In the example figure given below, you can see the 'Query' line which represents the input sequence and the position of the SNP is highlighted in red vertical line. The line above the "Query" represents the local region which was identified with maximum structural change and it is colored with respect to the p-value color key. The link provided to the SNP U22G takes to the corresponding Structure Details section.
Download |
Description
This section provides the details of RNAsnp execution, includes SNP tested, the region selected for folding (i.e the region around the SNP position), the detected local region, and its significance value in tabular format. If the user selected the input sequence from the genome database, a option to view the results at UCSC is provided in the last column of the table. The Download link below the table helps to download the results in csv format.SNP | Folding Window | Local region | distance | p-value |
---|---|---|---|---|
U22G | 1-222 | 15-64 | 0.2482 | 0.0518 |
Download |
Structure Details
This section provides detail about the structure of the local region and its base pair probabilities. The dot plot shows the base pair probabilities of the ensemble structures of wild-type and mutant RNA sequences corresponds to the predicted local region. The indices (i,j) of the matrix show a dot if the bases at position i and j form a base pair. The size of the dots is proportional to the base pairing probability where small dots indicate low and large dots indicate high probability to form a base pair (i,j). The upper triangle of the dot plot contains the base pair probabilities for the wild-type sequence and the lower triangle for the mutant sequence. The respective wild-type and mutant primary sequences are displayed on the sides of the triangle. For the mutant sequence, the SNP position is highlighted with a yellow box.
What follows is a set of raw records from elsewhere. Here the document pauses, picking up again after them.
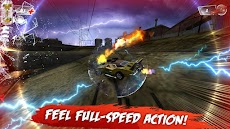 Death Tour- Racing Action Gameのおすすめ画像5
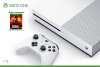 Игровая приставка Microsoft Xbox One S 1Tb Rus Белая + Red Dead Redemption 2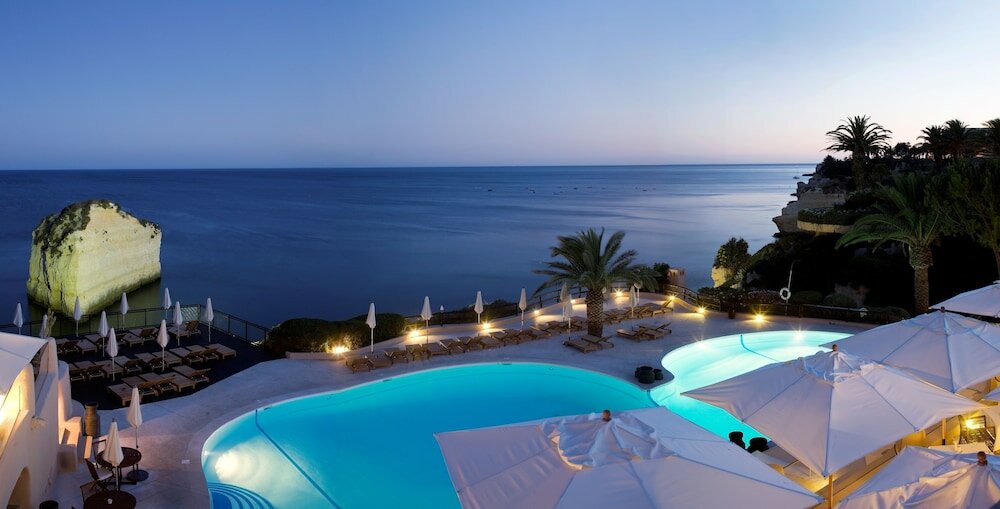 Фото Vilalara Thalassa Resort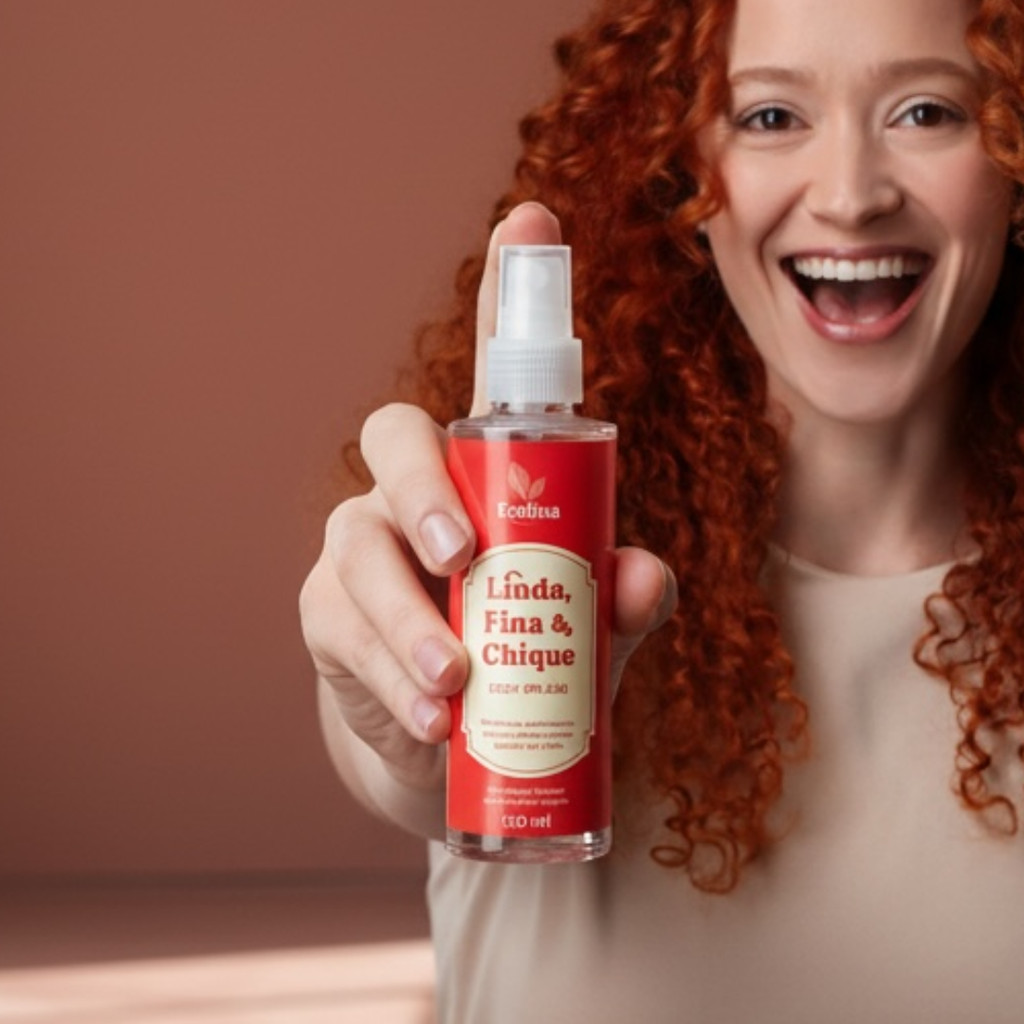 Body Splash | Linda, Fina e Chique! | Quente e Elegante! | Baunilha com Avelã | Vegano em Oferta na Shopee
Below this dot plot for local region, you can find links to download the dot plot for global secondary structure. In that, the predicted local region is highlighted in gray background.
The dot plot can be downloaded as PS or PDF format. Also, the probabilities values can be downloaded in TXT format.
At last, the minimum free structures (MFE) of the global wild-type and mutant sequences are used to display the secondary structure in planar graphic representation. It is note that the MFE structure are only used for the representation, but not used for any calculation in RNAsnp program.